[[ MATERIAL PROVIDED open ]]

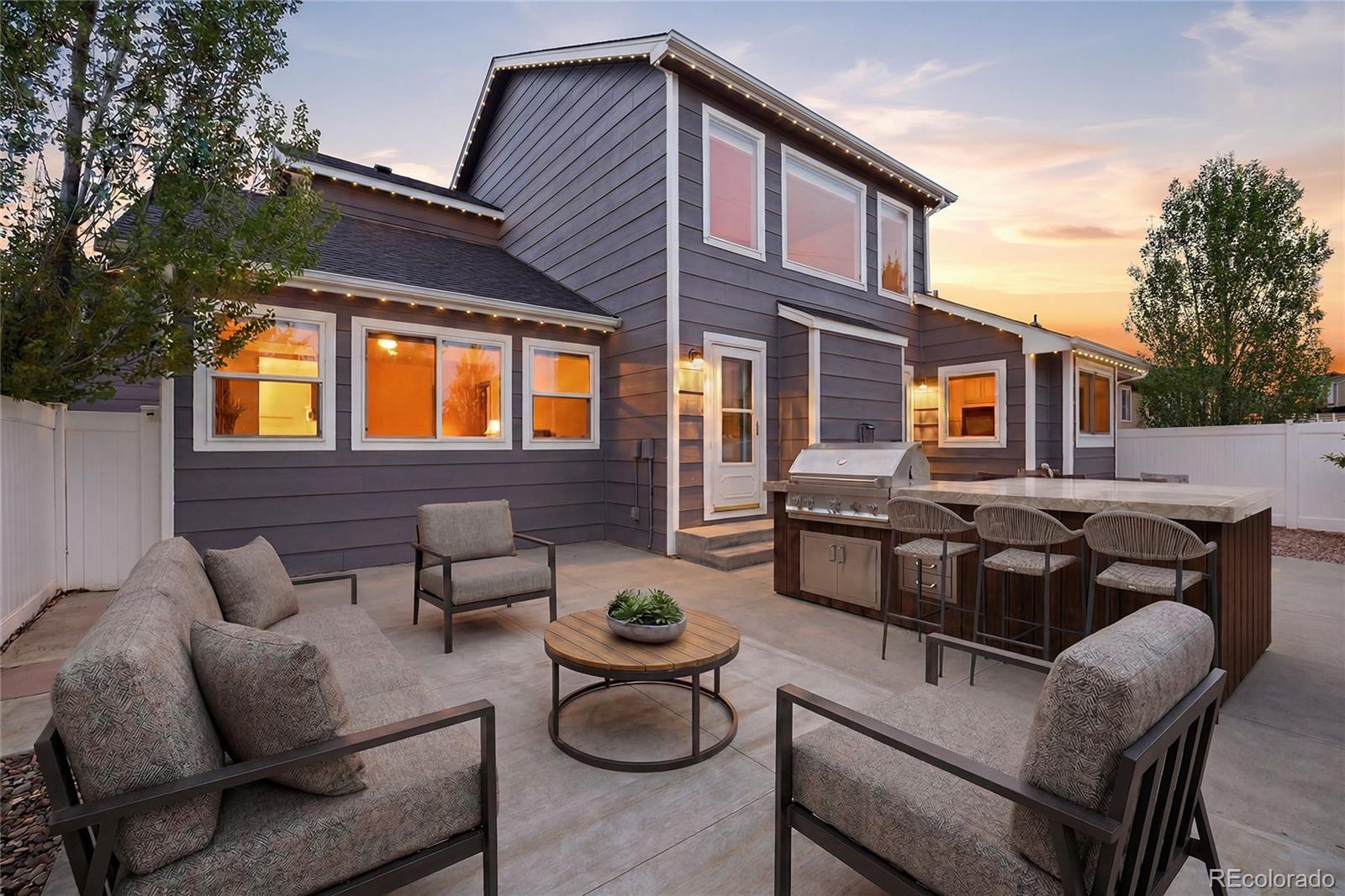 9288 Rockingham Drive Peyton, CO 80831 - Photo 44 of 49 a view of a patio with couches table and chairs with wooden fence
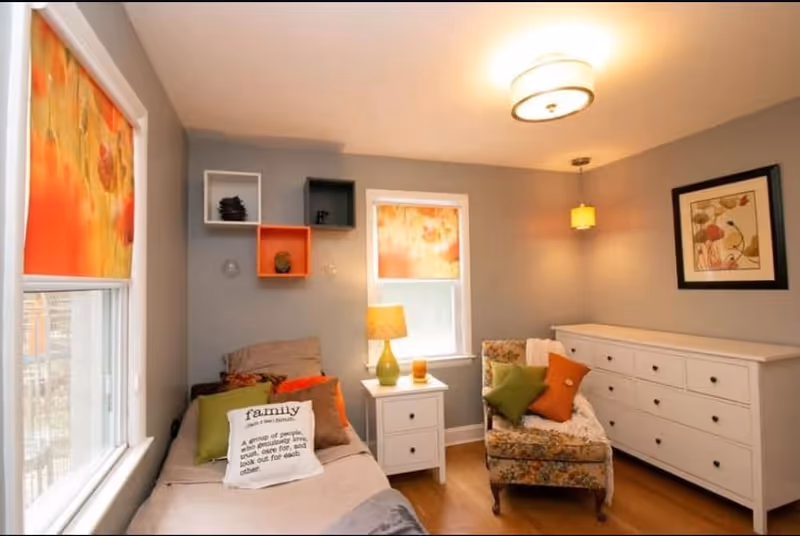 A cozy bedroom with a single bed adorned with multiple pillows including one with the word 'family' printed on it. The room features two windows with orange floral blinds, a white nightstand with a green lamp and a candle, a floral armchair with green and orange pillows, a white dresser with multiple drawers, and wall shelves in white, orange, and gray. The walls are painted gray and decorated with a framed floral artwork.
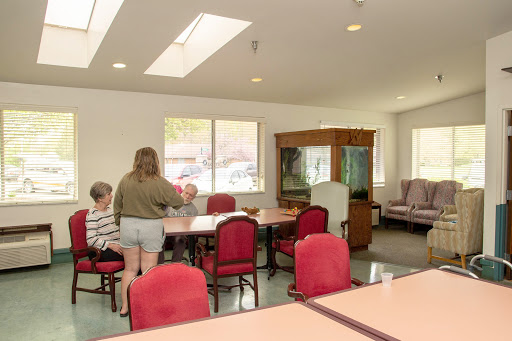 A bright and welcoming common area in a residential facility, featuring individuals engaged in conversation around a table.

[[ MATERIAL PROVIDED closed ]]

Word for word, repeat the lines of data above, omitting every picture.

WRITTEN RESPONSE:
 9288 Rockingham Drive Peyton, CO 80831 - Photo 44 of 49 a view of a patio with couches table and chairs with wooden fence
 A cozy bedroom with a single bed adorned with multiple pillows including one with the word 'family' printed on it. The room features two windows with orange floral blinds, a white nightstand with a green lamp and a candle, a floral armchair with green and orange pillows, a white dresser with multiple drawers, and wall shelves in white, orange, and gray. The walls are painted gray and decorated with a framed floral artwork.
 A bright and welcoming common area in a residential facility, featuring individuals engaged in conversation around a table.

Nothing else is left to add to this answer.